Agility FinanceTech: Smarter Infrastructure & Technology Management for the New FS Organization. Sponsored by IBM.

Posted by Gary Rylander

Forrester just released a case study of Citibank's redesigned Account Opening process that highlights the fact that good Risk and Compliance practices, rather than being a hindrance to profitability can actually be very good for the bottom line. Starting from the dual requirements to improve their on-line account opening process and a desire to take maximum advantage of the 2001 passage of the ESIGN law that authorized the use of 'electronic signatures', Citi undertook a four year redesign project that resulted in a "30 day manual-intensive process that was transformed into a 10 minute, fully electronic, 'instant' process" and reduced account opening costs from $50.00 to $7.50.

Deposit bank account opening is governed by by a plethora of compliance requirements and buzz words, Bank Secrecy Act(BSA), Know Your Customer(KYC), Anti Money Laundering(AML), Patriot Act, Reg E, Reg DD, TISA disclosures, etc. Some of these requirements are anything but crystal clear, calling for banks to exercise risk based 'reasonableness'. Faced with this situation, many banking lawyers and compliance officers opted to directly carry over to the on-line world the same account opening procedures used in brick and mortar branches. Simply perusing some of the stories on bankersonline.com confirms this.

However, Citi's lawyers and compliance officers astutely read the laws and regulations then filtered them through their 'risk appetite' before deciding to make significant changes to their account opening procedures specifically tailored to the tools uniquely available to the on-line world:

Fist, Citi did away with the paper KYC documentation requirements, opting instead to use on-line questioning and entity resolution to verify identity.

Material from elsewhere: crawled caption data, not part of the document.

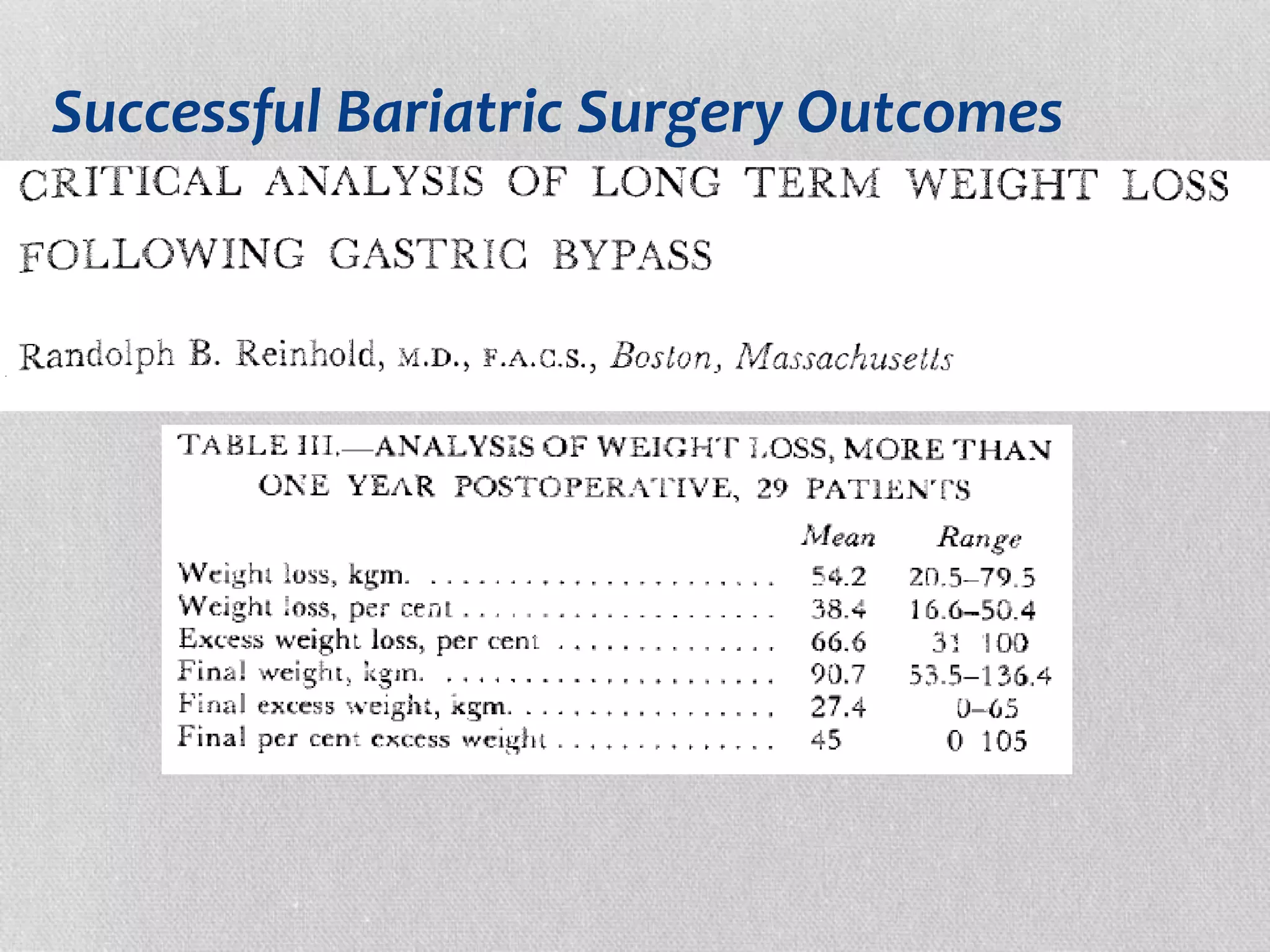 Successful Bariatric Surgery Outcomes 
 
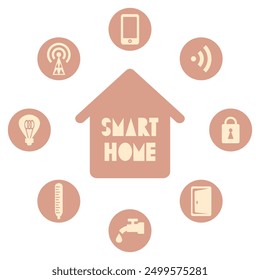 Smart home and Wifi design elements. Automation digital technology control devices system concept. Flat vector illustration. 


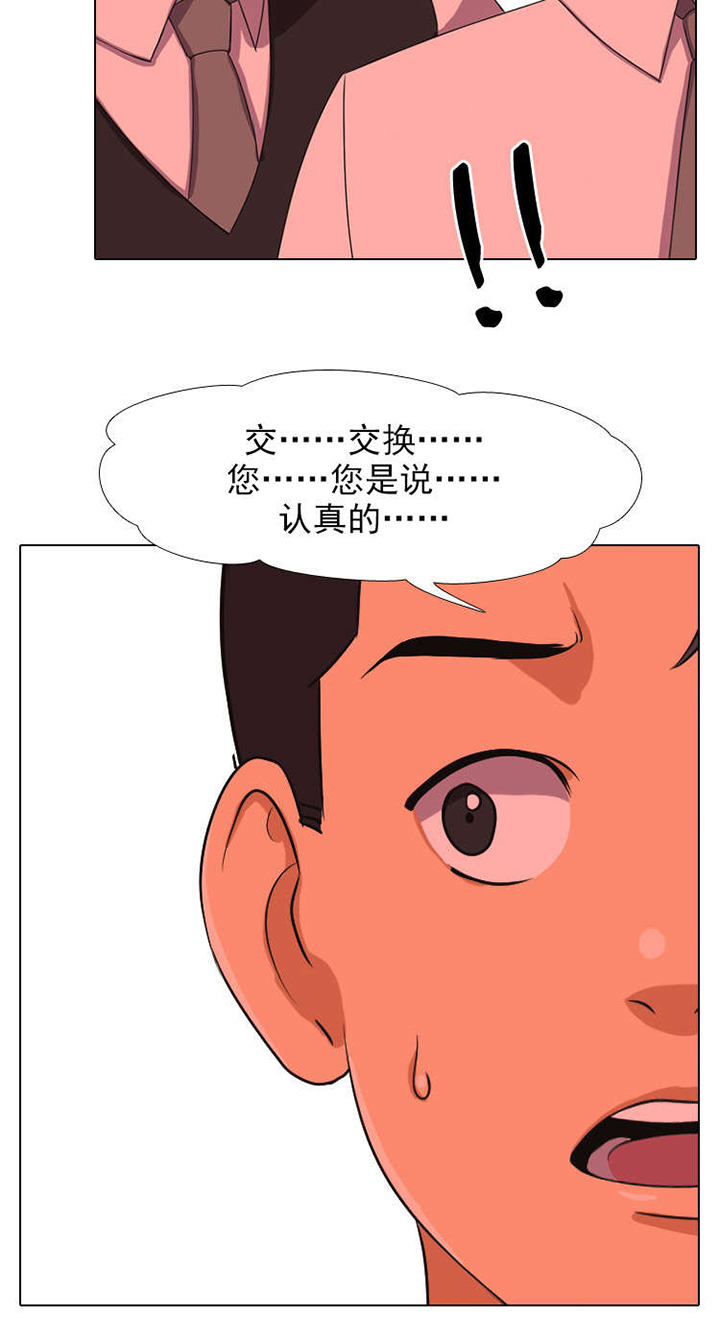 第1章：原由8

Next, they eliminated a "wet ink" signature card, instead treating the new account like a credit card that must be authorized via an 800 number before being activated and using the initial signed check in lieu of of a typical signature card.

Finally, they decided to make all disclosures and the welcome kit electronic.

There is a great lesson here for both IT and compliance folks. Many regulations are subject to significant interpretation, especially in terms of how they can be operationalized. Very conservative interpretations may hinder the efficiency and profitability of the institution as well as negatively impact customer satisfaction. More creative interpretation, while still within the bounds of what is permissible, can often open the door to order of magnitude improvement. This was the case at Citi where their new process was followed by a 400% increase in on-line account openings bringing in more than $12 Billion in new deposits, but necessitated only a 38% increase in customer service staff.

What is perhaps most confounding to IT and business people is that there is no simple book of rules to be applied. Apart from the variance in interpretation, what is appropriate for a bank with a clean bank examination record may not be appropriate for a bank which has failed elements of a recent bank exam or is laboring under adverse legal judgments or consent decrees.

So, when faced with an opportunity to redesign your institution's operations that may be governed by law or regulation - which is essentially all aspects of Financial Services operations - do what IT and operations people at Citi did, bring a well documented case for both operational and regulatory change to the legal/compliance team based on research about varied interpretations and practices from around the industry. You may pleasantly surprised in the positive outcome.